Cycling and swimming are common forms of cross-training that combine a good muscle workout with cardiovascular benefits.
But the most important thing is to choose something that you enjoy. You won’t have as much success with any form of cross-training if you aren’t enjoying yourself while doing it.
Some cross-training ideas to consider are rowing, elliptical, jumping rope, HIIT, kickboxing, dancing, strength training, or Crossfit.
8. Be more consistent
Inconsistency is the enemy of progress. If you struggled to stay consistent last year, the New Year is the perfect time to commit to making a change.
It’s natural to fluctuate throughout the year. For example, you might travel for your job or you have a lot of family commitments. A running journal can help you to stay on track more easily.
The first step is to set a running schedule that’s realistic. If you can run three times a week, then aim for that. Maybe one week it will be Monday, Wednesday and Friday, and the next week will be Tuesday, Wednesday and Saturday. As long as you run three times every week.
Or you can set a distance per week. Aim for 30 miles, and if you do 10 on Monday and 6 on Tuesday, then you only have to get 14 more miles for the rest of the week. It’s a good idea to choose one goal (frequency, distance, etc) and stick to it.
9. Stretch more or attend yoga classes
Stretching is an important part of fitness, especially for runners. We should be stretching before and after every run to increase blood flow, ease muscle tension and speed up recovery.
This year it may be a good idea to add a stretching routine to your exercise. It may be a whole extra routine on its own, or you could simply commit to stretching before and after every run.
If you prefer something more structured, attending yoga classes could be a good way to get your stretching in and meet new people at the same time.
10. Run farther
If you can’t run more often, you could always challenge yourself and increase your mileage. Start small, by increasing your mileage by 10% for a week. Once your body is used to that, you can increase it by another 10%.
You can set specific goals along the way, like going from 5k to 10k, from 10k to a half-marathon, from half-marathon to marathon or even from a marathon to an ultra-marathon.
Tips for New Year Resolutions
What kind of goals motivate you?
It’s a good idea to choose goals that motivate you and that you enjoy doing. For example, don’t commit to starting Crossfit if you already know that you don’t enjoy going to the gym.
Choose something that you will enjoy. If you find that you’re losing enthusiasm a few months in, you can always make some changes. As an example, if you decided to start cycling as cross-training but you’re not enjoying it, don’t give up cross-training completely. Switch to something else like jump rope or elliptical.
If you have a specific goal in mind, like running the Boston Marathon, creating a vision board so you can constantly remind yourself of what you’re aiming for could help to keep you motivated.
Remember to set realistic goals, and once you’ve reached your goal, set another one!
What could stop you? Create solutions
When setting goals, it’s also a good idea to look at what obstacles could stand in your way. If you can work around these, then you have no excuse or reason not to reach your goals!

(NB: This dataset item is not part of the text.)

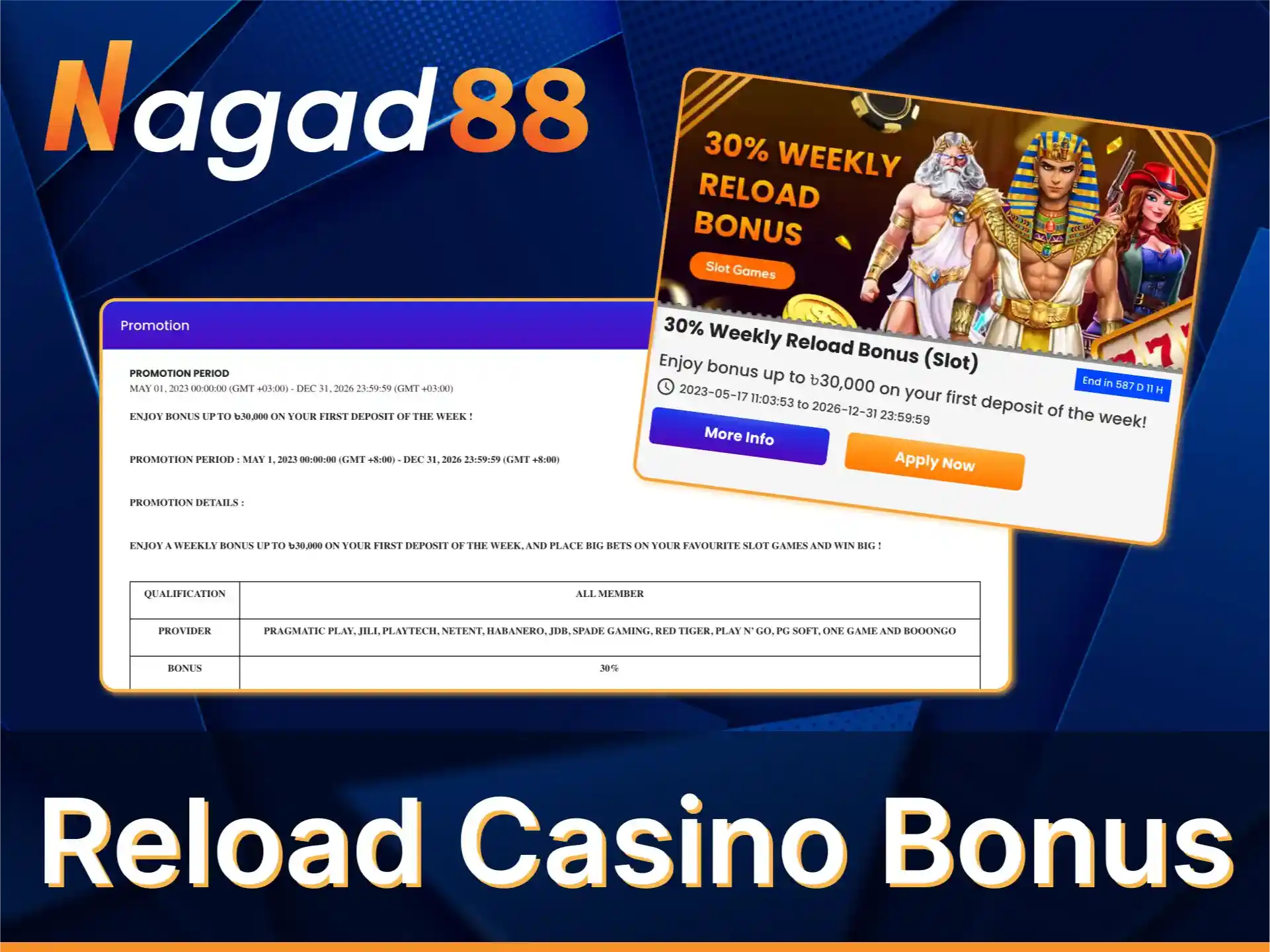 Get a VIP deposit bonus of up to 6% on every deposit at Nagad88.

If you’re too busy to run, schedule time in your diary. You could invest in a treadmill, so you can run at night or in the early morning. If you struggle to get up or find physical stamina, it would be a good start to adjust your sleeping habits so you get enough rest.
Maybe motivation is your problem. Find someone to keep you accountable or track your progress in a journal to keep you encouraged. If your health is preventing you from reaching your goal, you may need to take a step back and reevaluate your priorities. Health always comes first!
In some cases, you may begin to feel that the goal you set is too hard to reach. You can always adjust it down slightly, for example, if your goal is to run a 10k and you’re finding it difficult, aim to run five 5k races instead. That way, you’re building up the strength and stamina to reach the 10k goal. In a way, you’re still working towards it.